El imperio del agua (Flood Tide en inglés, algo así como «Inundación», «Crecida») es la decimocuarta, sí, decimocuarta novela de la serie de Dirk Pitt, el veterano de Vietnam director de proyectos especiales de la ficticia agencia federal NUMA (National Underwater and Marine Agency) de ¡Rescaten el Titanic! y Sáhara. Una especie de James Bond sin acento escocés, sin clase y sin carisma.
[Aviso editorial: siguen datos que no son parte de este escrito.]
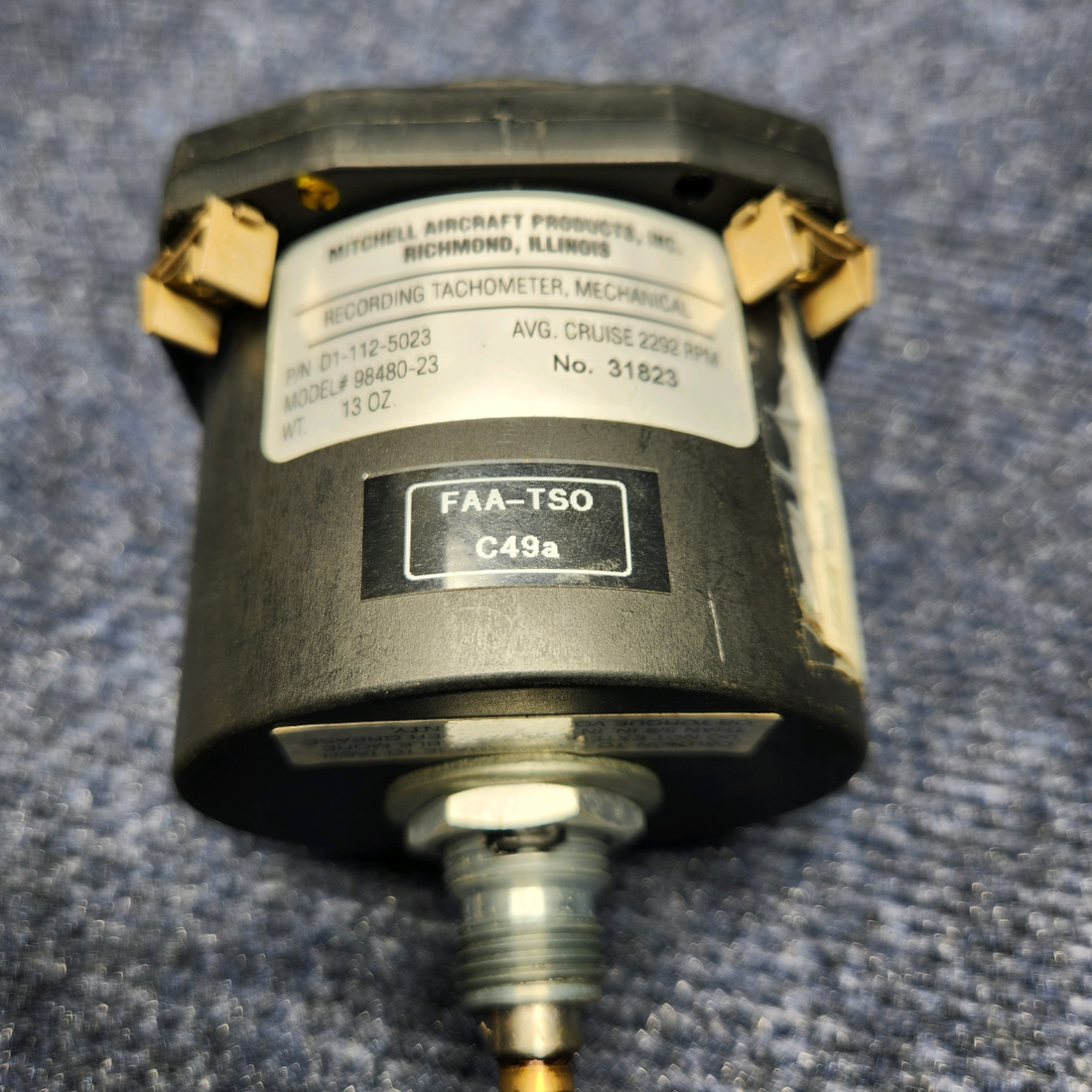 Used aircraft parts for sale, D1-112-5023 Beechcraft C23 SUNDOWNER MITCHELL RECORDING TACHOMETER, MECHANICAL.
En esta novela, mientras Pitt trata de recuperarse de las heridas recibidas en el título anterior, y que por cierto no le duelen en ningún momento ni le crean problema de movilidad alguno a lo largo de todo el desarrollo de El imperio del agua, se ve envuelto en una trama de inmigración ilegal dirigida por un millonario chino sin escrúpulos obsesionado con descubrir el pecio del Princess Dou Wan, el barco desaparecido en el que el general Chiang Kai-shek intentó poner a salvo los grandes tesoros chinos del ejército comunista de Mao Zedong y entre los cuales estarían los huesos del Hombre de Pekín, perdidos tras la Primera Guerra Mundial.
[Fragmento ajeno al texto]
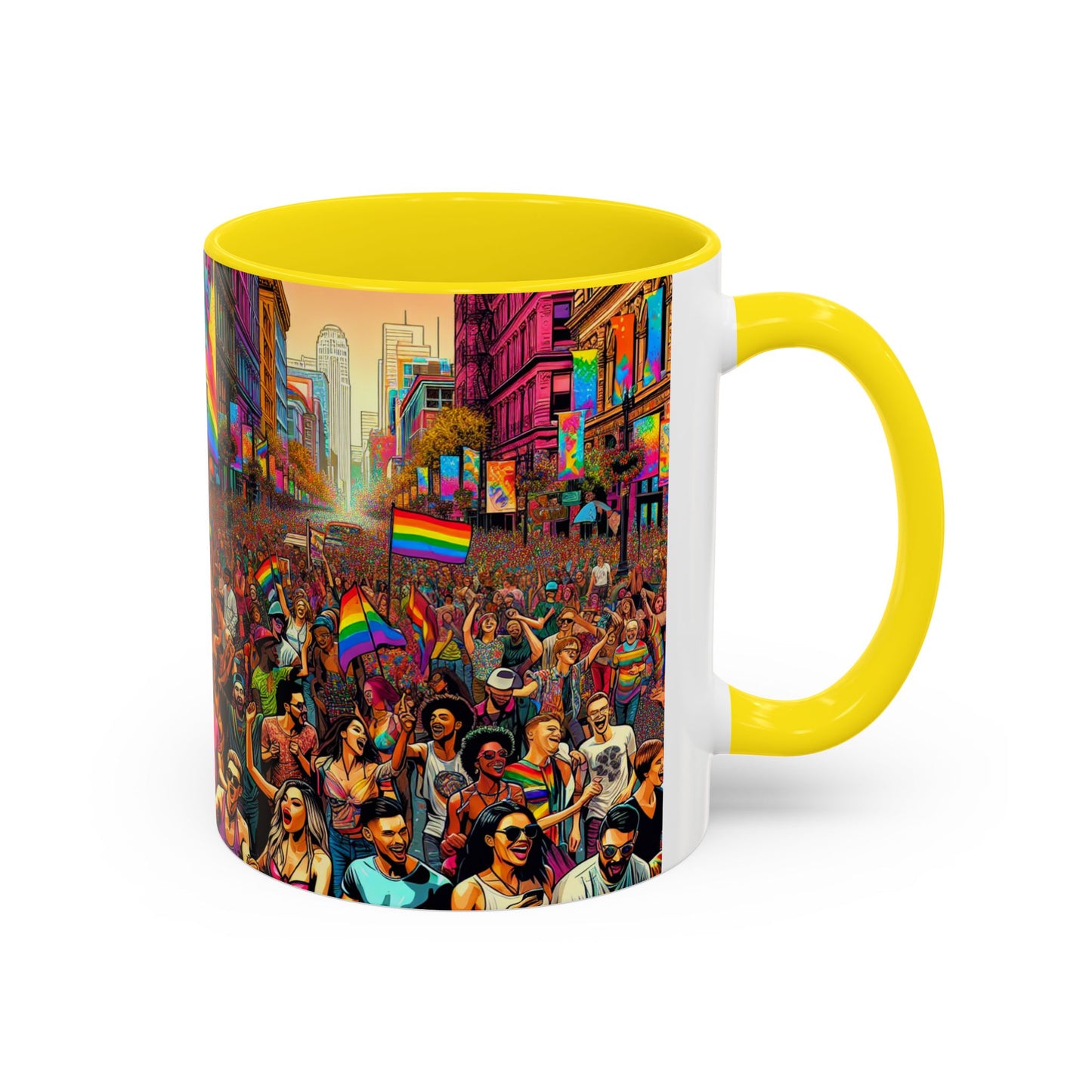 Pride Parade Accent Coffee Mug, Vibrant Rainbow Design, LGBTQ+ Celebration Mug, Colorful Drinkware for Friends, Gift for Pride Month 11oz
Abordar la lectura de El imperio del agua es una experiencia desafiante que te expone a diálogos tan amateurs como éste:
«—¿Es que nunca duerme ese hombre?

»—Tres horas, entre las cuatro y las siete de la mañana, según mis fuentes de la Casa Blanca. Al contrario que los tres anteriores presidentes, congresistas y buenos amigos míos, éste, que fue gobernador de Oklahoma en dos legislaturas, es casi un extraño para mí. Es la primera oportunidad que tengo de hablar con él, desde que hace poco accedió a la presidencia después del ataque que sufrió su predecesor.»

(p. 67)
¡Uoh, uoh, uoh, uoooooh; echa el freno, Fitipaldi! ¡No necesito tanta puta información, por el amor de Sara Sampaio Dominátrix! ¡Menuda turra! Vamos a ver, en el contexto en que tiene lugar esta conversación, ¿a mí pero qué cojones de mono me importa a qué horas duerme el presidente de los Estados Unidos, o que el director de la NUMA haya tenido buenas relaciones con sus tres antecesores, que todos ellos fuesen senadores, que el actual fuese gobernador de Oklahoma o de Chuminos Verdes de la Frontera o que al anterior inquilino de la Casa Blanca le diese un parraque? Todo eso no es más que turra de la peor. Infodump nivel Ready Player One. Paliza que no sólo no aporta absolutamente nada al desarrollo de la historia, sino que hace parecer al personaje que la suelta un puto robot impertinente.
Foto de Sarita para quitarte el mal sabor de boca.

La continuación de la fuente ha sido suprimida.